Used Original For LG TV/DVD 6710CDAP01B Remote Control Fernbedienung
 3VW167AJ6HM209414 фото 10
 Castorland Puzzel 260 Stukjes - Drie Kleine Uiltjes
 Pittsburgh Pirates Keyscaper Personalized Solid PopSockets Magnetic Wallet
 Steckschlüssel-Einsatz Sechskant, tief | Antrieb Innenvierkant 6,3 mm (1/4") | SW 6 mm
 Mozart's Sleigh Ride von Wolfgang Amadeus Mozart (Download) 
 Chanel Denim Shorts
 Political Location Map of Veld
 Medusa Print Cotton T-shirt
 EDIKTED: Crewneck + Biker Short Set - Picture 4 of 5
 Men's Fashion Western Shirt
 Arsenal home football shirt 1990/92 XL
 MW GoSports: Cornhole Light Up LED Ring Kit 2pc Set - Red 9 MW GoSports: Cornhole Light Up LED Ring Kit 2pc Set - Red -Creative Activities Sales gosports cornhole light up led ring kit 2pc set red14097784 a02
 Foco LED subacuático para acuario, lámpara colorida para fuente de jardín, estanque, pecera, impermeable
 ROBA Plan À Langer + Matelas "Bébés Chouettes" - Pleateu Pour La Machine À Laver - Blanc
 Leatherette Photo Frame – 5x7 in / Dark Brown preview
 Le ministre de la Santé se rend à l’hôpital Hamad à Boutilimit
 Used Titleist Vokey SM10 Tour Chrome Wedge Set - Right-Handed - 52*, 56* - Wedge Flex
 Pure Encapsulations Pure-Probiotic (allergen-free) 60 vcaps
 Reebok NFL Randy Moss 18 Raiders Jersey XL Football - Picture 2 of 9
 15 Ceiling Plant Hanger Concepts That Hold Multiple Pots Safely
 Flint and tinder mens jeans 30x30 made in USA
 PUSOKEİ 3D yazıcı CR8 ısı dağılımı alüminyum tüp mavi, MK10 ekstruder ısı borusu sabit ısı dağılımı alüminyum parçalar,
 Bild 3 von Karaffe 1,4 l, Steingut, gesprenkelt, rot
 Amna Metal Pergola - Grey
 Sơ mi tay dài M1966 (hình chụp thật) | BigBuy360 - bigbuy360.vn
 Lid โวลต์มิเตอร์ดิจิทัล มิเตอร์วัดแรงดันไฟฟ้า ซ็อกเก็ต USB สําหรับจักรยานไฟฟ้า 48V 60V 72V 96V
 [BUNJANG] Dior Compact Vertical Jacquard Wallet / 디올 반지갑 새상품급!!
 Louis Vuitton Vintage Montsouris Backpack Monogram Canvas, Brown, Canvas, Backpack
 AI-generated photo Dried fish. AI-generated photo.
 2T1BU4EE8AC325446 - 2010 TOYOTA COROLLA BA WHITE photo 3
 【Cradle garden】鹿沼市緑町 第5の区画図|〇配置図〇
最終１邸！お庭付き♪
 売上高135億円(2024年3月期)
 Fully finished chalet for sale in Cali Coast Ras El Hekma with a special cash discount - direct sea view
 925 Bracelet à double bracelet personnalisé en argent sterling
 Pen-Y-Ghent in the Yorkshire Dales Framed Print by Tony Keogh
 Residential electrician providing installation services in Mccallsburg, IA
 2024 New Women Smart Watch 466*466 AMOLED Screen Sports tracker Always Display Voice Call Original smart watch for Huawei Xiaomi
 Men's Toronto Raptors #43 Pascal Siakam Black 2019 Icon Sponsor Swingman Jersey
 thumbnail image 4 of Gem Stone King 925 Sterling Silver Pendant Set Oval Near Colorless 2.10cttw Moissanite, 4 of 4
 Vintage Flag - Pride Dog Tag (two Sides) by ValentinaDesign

+++

◆ Problem
For the material above, reproduce exactly the lines from the line with "Fully finished chalet" to the line with "Residential electrician providing", inclusive, and exclude all others.

◆ Task answer
 Fully finished chalet for sale in Cali Coast Ras El Hekma with a special cash discount - direct sea view
 925 Bracelet à double bracelet personnalisé en argent sterling
 Pen-Y-Ghent in the Yorkshire Dales Framed Print by Tony Keogh
 Residential electrician providing installation services in Mccallsburg, IA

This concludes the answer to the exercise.